>>>

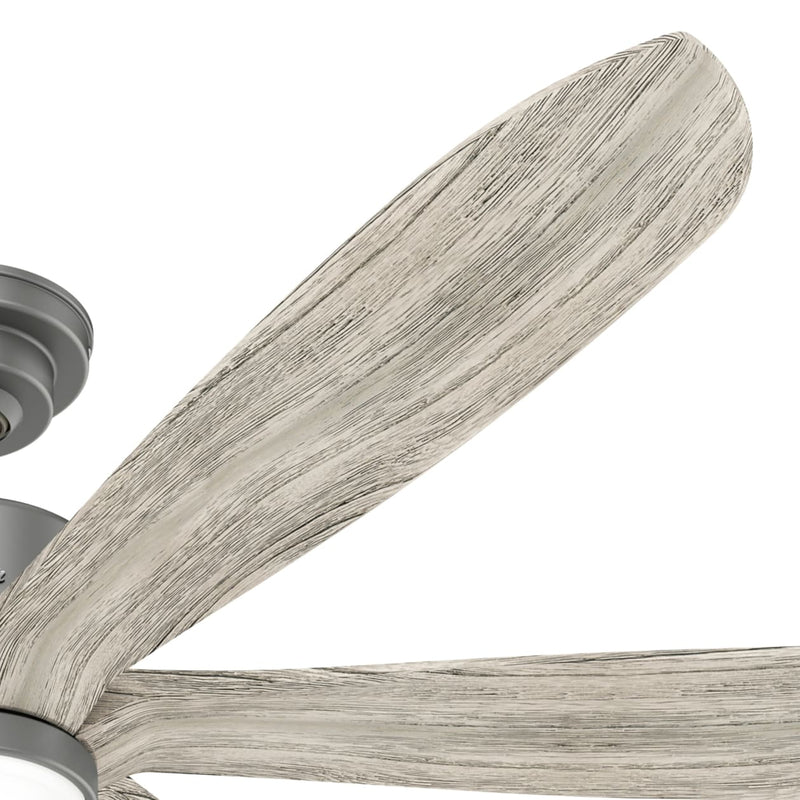 Hunter 58-Inch Rhinebeck Ceiling Fan with LED Light - Matte Silver/Weathered White Birch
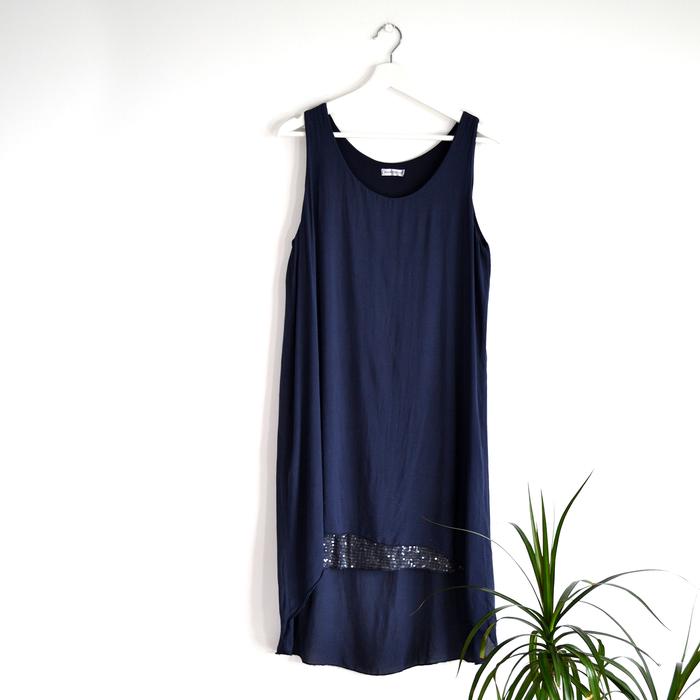 Long navy panel dress with sequin panel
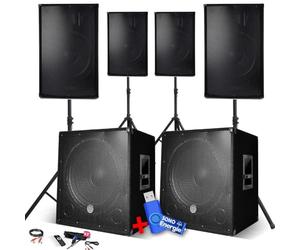 Pack Sono Complet 4800W, 4 Enceintes, 2 Subwoofers USB/Bluetooth Cable PC + Pieds, Prestations Sono DJ USB 32go Inclus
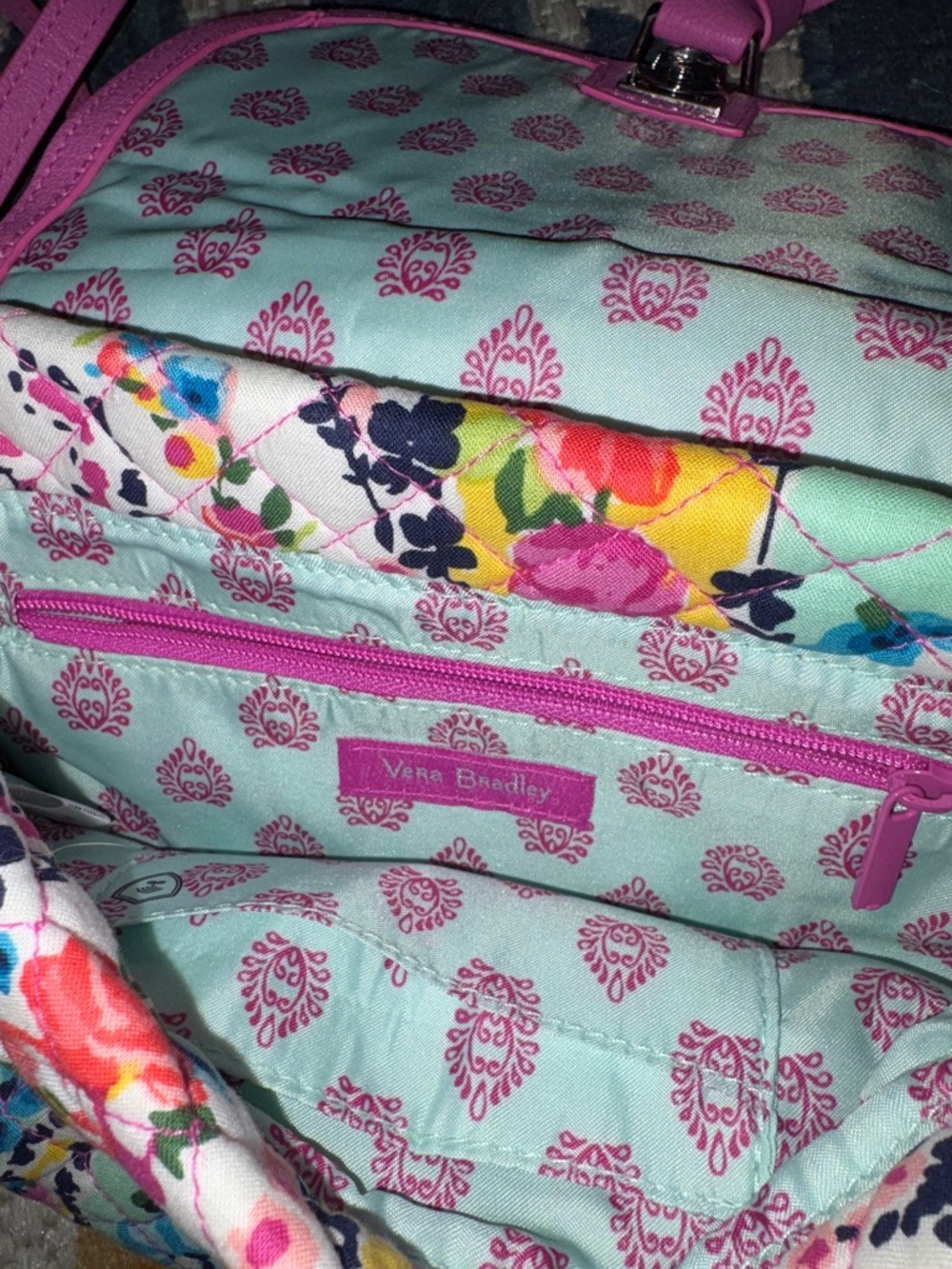Vera Bradley Pink Quilted Floral Crossbody - Picture 5 of 5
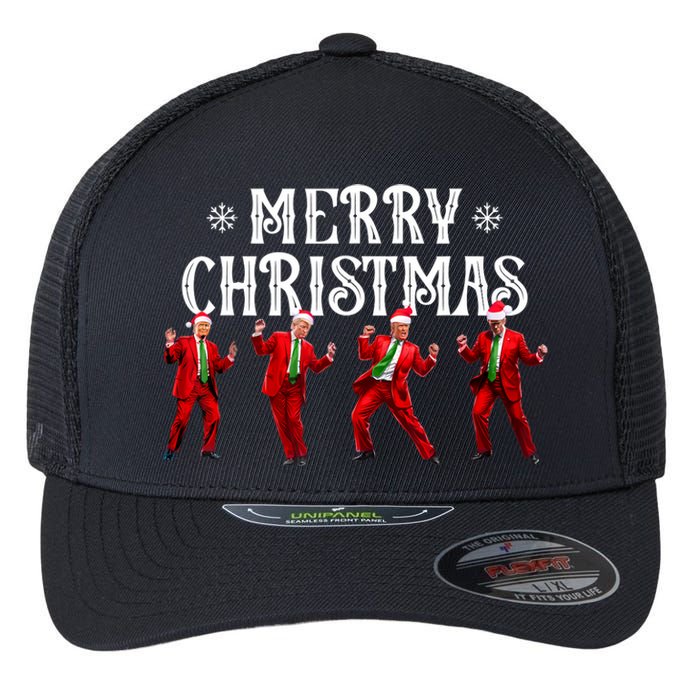 Funny Trump Dance Santa Claus Christmas Xmas Pajamas Holiday Flexfit Unipanel Trucker Cap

<<<

• ACTION ITEM:
All records above are to be output verbatim, with their pictures omitted.

• TASK OUTPUT:
 Hunter 58-Inch Rhinebeck Ceiling Fan with LED Light - Matte Silver/Weathered White Birch
 Long navy panel dress with sequin panel
 Pack Sono Complet 4800W, 4 Enceintes, 2 Subwoofers USB/Bluetooth Cable PC + Pieds, Prestations Sono DJ USB 32go Inclus
Vera Bradley Pink Quilted Floral Crossbody - Picture 5 of 5
 Funny Trump Dance Santa Claus Christmas Xmas Pajamas Holiday Flexfit Unipanel Trucker Cap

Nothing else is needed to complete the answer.